**AVAILABLE DATA**
========================

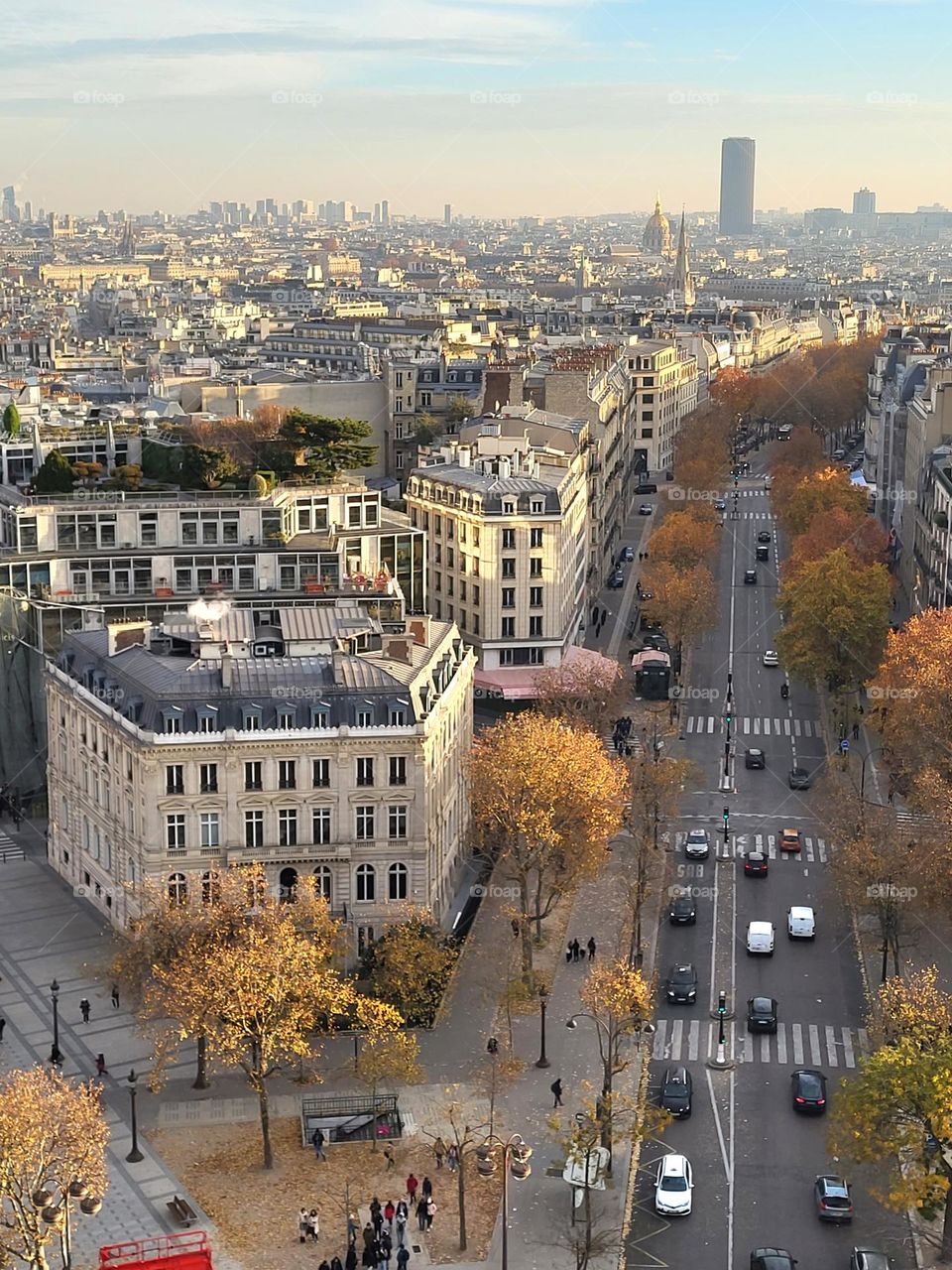 vue de Paris depuis l'Arc de triomphe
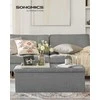Songmics Sulankstomas suolas 110 x 38 x 38 cm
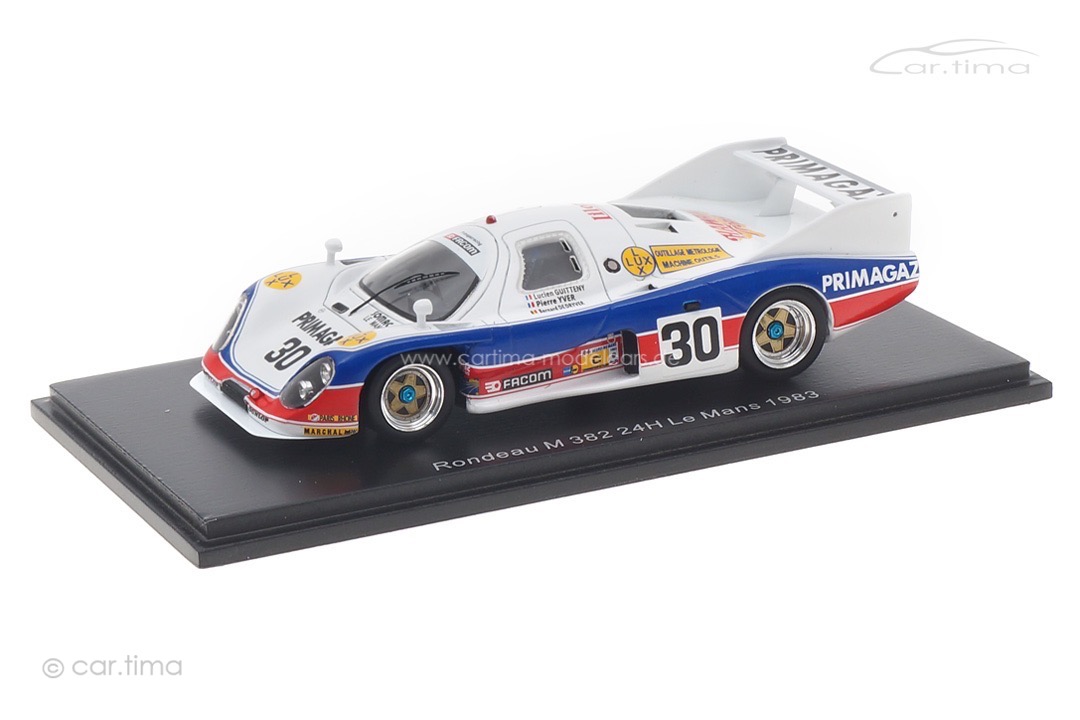 Rondeau M382 24h Le Mans 1983 Guitteny/Yver/de Dryver Spark 1:43 S2286 Rondeau M382 24h Le Mans 1983 Guitteny/Yver/de Dryver Spark 1:43 S2286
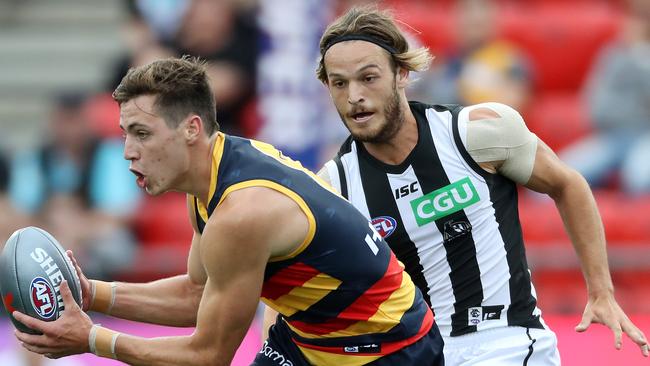 James Aish looked good in the first night of AFLX. Picture: Calum Robertson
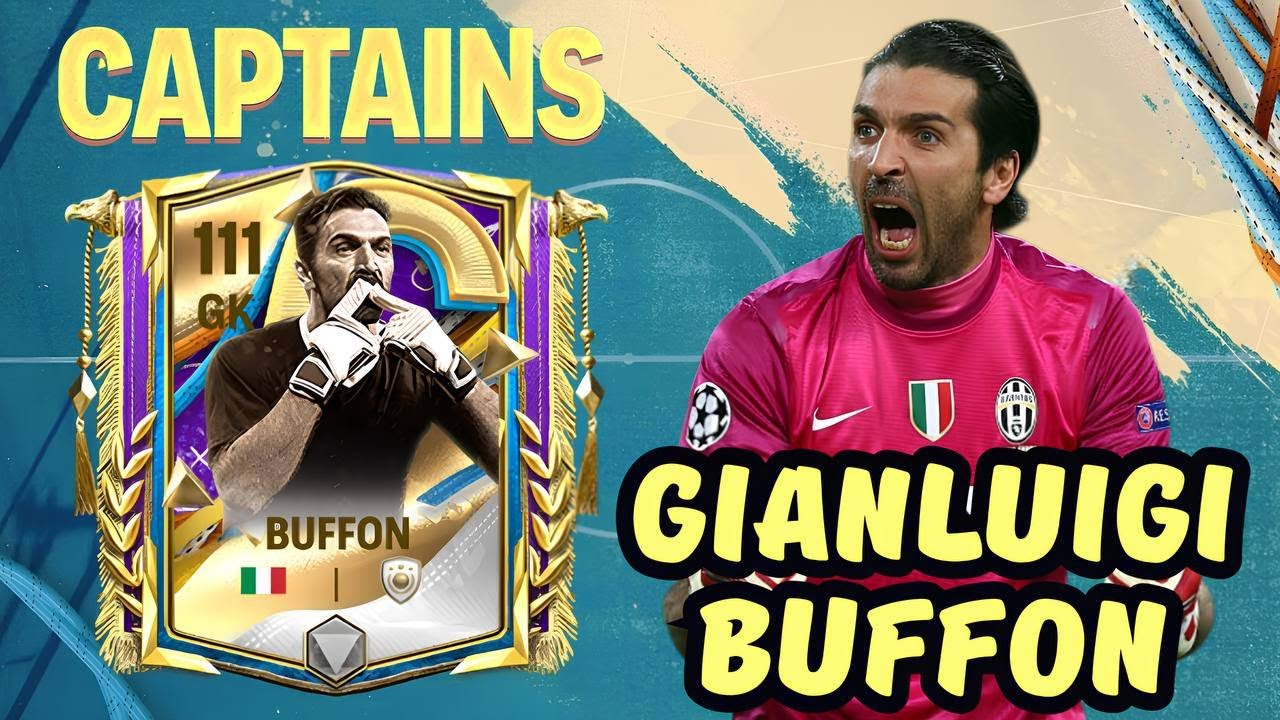 Review GIANLUIGI BUFFON 111 GK Captains 25 Greatest Icon Player Fc Mobile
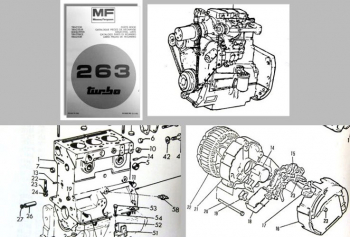 Ersatzteilliste Massey Ferguson MF 263 turbo Traktor Ersatzteilkatalog
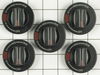 Set of Five Surface Burner Knobs – Part Number: 12500060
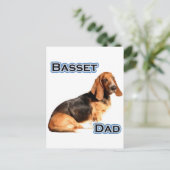 Carte Postale Papa Basset Hound 4 (Debout devant)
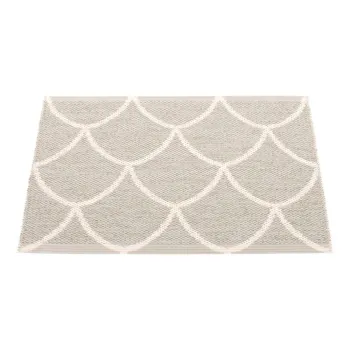 Covor pentru exterior si interior crem 70x50 cm Kotte Linen - Pappelina imagine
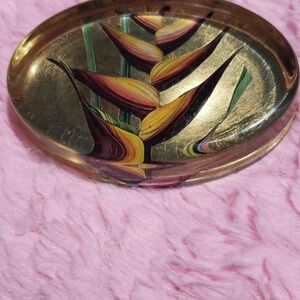 Elegant Botanical Resin Paperweight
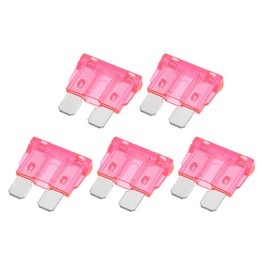 X AUTOHAUX 5pcs Blade Style Fuses 4A Blade Style Fuses for Car Boat Pink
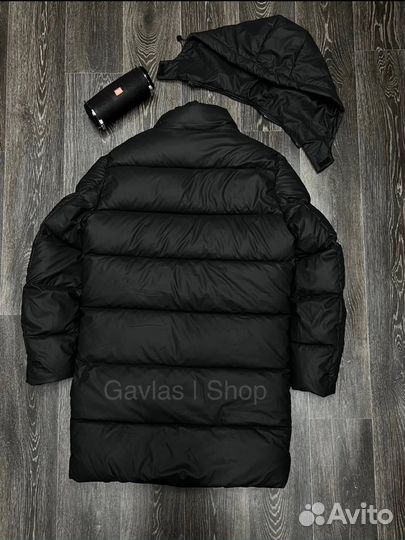 Пуховик мужской длинный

========================

**TASK BRIEF**
With the pictures left aside, write out all of the records above exactly.

**SOLVED PROBLEM**
 vue de Paris depuis l'Arc de triomphe
Songmics Sulankstomas suolas 110 x 38 x 38 cm
 Rondeau M382 24h Le Mans 1983 Guitteny/Yver/de Dryver Spark 1:43 S2286 Rondeau M382 24h Le Mans 1983 Guitteny/Yver/de Dryver Spark 1:43 S2286
 James Aish looked good in the first night of AFLX. Picture: Calum Robertson
 Review GIANLUIGI BUFFON 111 GK Captains 25 Greatest Icon Player Fc Mobile
 Ersatzteilliste Massey Ferguson MF 263 turbo Traktor Ersatzteilkatalog
 Set of Five Surface Burner Knobs – Part Number: 12500060
 Carte Postale Papa Basset Hound 4 (Debout devant)
 Covor pentru exterior si interior crem 70x50 cm Kotte Linen - Pappelina imagine
 Elegant Botanical Resin Paperweight
 X AUTOHAUX 5pcs Blade Style Fuses 4A Blade Style Fuses for Car Boat Pink
 Пуховик мужской длинный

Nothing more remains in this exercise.